Dalam konsep mc walimatul ursy ala santri, penggunaan kalimat islami juga sangat penting. Misalnya, membuka acara dengan salam, hamdalah, dan shalawat. Cara tersebut membuat suasana terasa lebih teduh.
Di samping itu, MC perlu menguasai improvisasi. Kadang, acara berjalan tidak sesuai jadwal. Karena itu, kemampuan mengisi jeda sangat membantu menjaga suasana tetap hidup.
Terakhir, jangan lupa menjaga adab selama berbicara. Hindari ucapan yang terlalu kasar atau berlebihan. Sikap santun justru menjadi daya tarik utama seorang MC bernuansa santri.
Banyak orang menganggap MC hanya pembaca susunan acara. Padahal, tugasnya jauh lebih besar. MC menjadi penghubung antara keluarga, tamu, dan seluruh rangkaian kegiatan.

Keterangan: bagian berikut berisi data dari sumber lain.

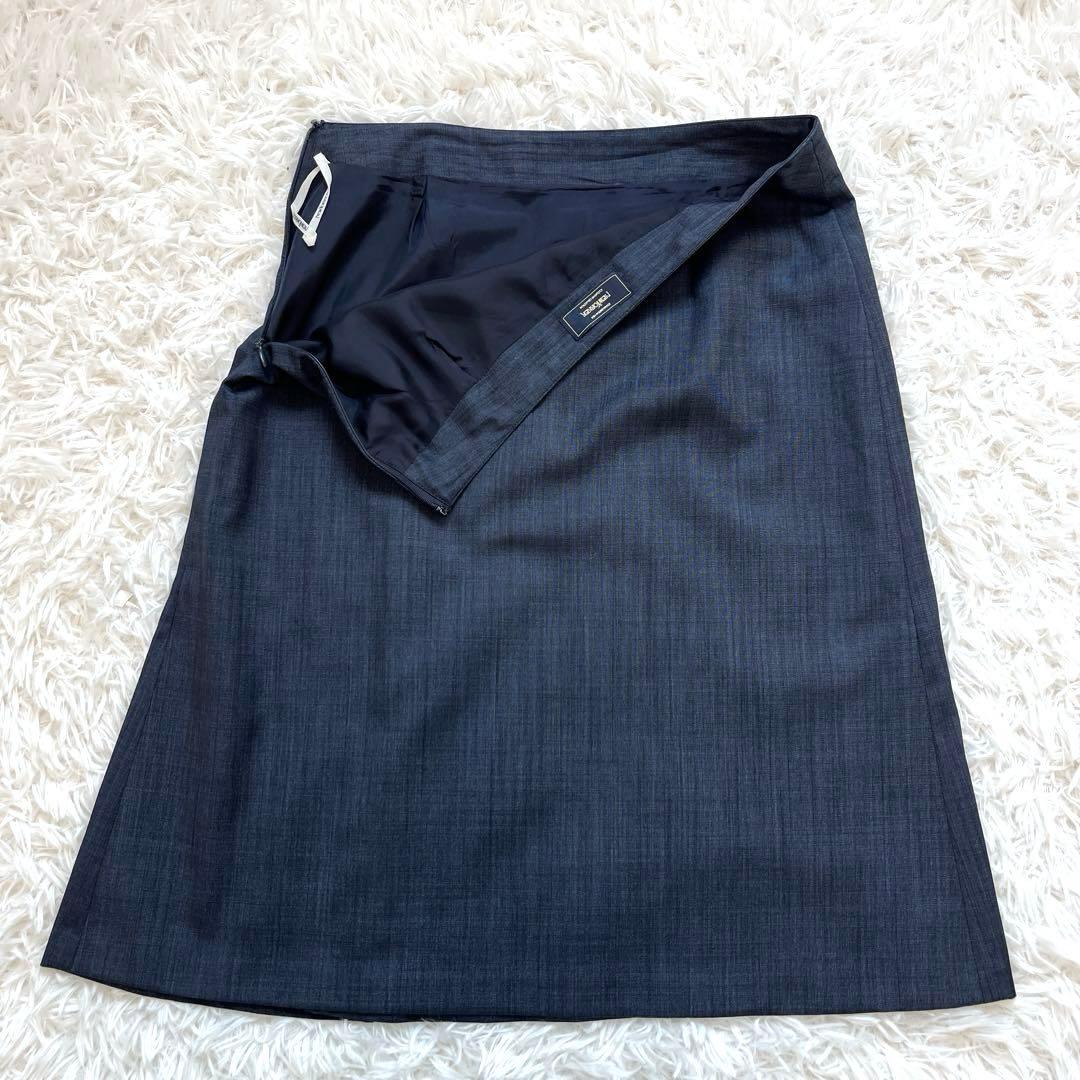 美品　ニューヨーカー　シルク混　スカートスーツ　ネイビー　背抜き　11号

Ketika pembawa acara tampil percaya diri, suasana akan terasa lebih tertata. Sebaliknya, MC yang gugup sering membuat acara berjalan kurang nyaman.
Karena itu, memilih mc walimatul ursy ala santri bisa menjadi pilihan menarik. Konsep ini menghadirkan perpaduan antara kesopanan, humor, dan nilai keislaman.
Selain membuat acara lebih hidup, gaya santri juga memberi kesan hangat kepada tamu undangan. Bahkan, banyak tamu merasa lebih nyaman mengikuti acara hingga selesai.
Pada akhirnya, keberhasilan sebuah walimah tidak hanya ditentukan dekorasi atau hidangan. Cara acara dipandu juga memberi pengaruh besar terhadap kesan para tamu. Oleh sebab itu, MC yang santun, lucu, dan berwibawa akan selalu dikenang.